David Bacon Stories & Photographs

Immigrants

MISSISSIPPI WORKERS FIGHT RACIAL DIVISION AFTER THE COUNTRY’S LARGEST IMMIGRATION RAID
By David Bacon

LAUREL, MS (9/24/08) -- On August 25, immigration agents swooped down on Howard Industries, a Mississippi electrical equipment factory, taking 481 workers to a privately-run detention center in Jena, Louisiana. A hundred and six women were also arrested at the plant, and released wearing electronic monitoring devices on their ankles, if they had children, or without them, if they were pregnant. Eight workers were taken to Federal court in Hattiesburg, where they were charged with aggravated identity theft.

For two weeks the workers taken to Jena had no idea where they were. They were not charged, had no access to attorneys, and could not get released on bail.

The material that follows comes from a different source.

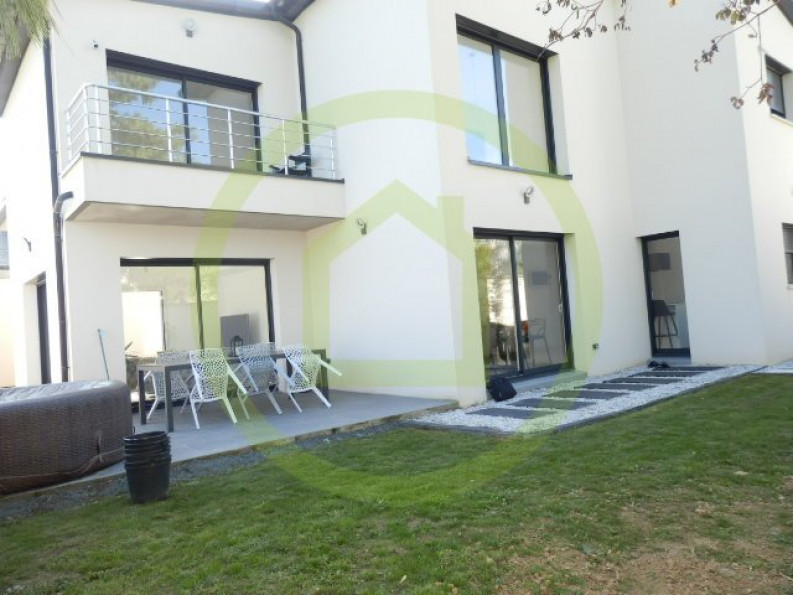 vente Maison Angers - Photo 2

Barbara Gonzalez, spokesperson for the Bureau of Immigration and Customs Enforcement, said simply "their cases are being investigated."

“These people were rounded up and just dumped in a privately-run detention center,” says Patricia Ice, attorney for the Mississippi Immigrant Rights Alliance. “We heard reports that there weren’t even enough beds and that people were sleeping on the floor. This is an outrage.”

Approximately 100 women were released the day of the raid for “humanitarian reasons,” to care for children or because they are pregnant, according to ICE, and 50 of them have been required to wear ankle bracelets with electronic monitoring devices. Their situation is also desperate, according to MIRA organizer Victoria Cintra. “People were living paycheck to paycheck and rent is due,” she explains. “They can’t work and provide for their families now, and many others are dependent on husbands and fathers and brothers who were all detained. We need to redefine what humanitarian means.”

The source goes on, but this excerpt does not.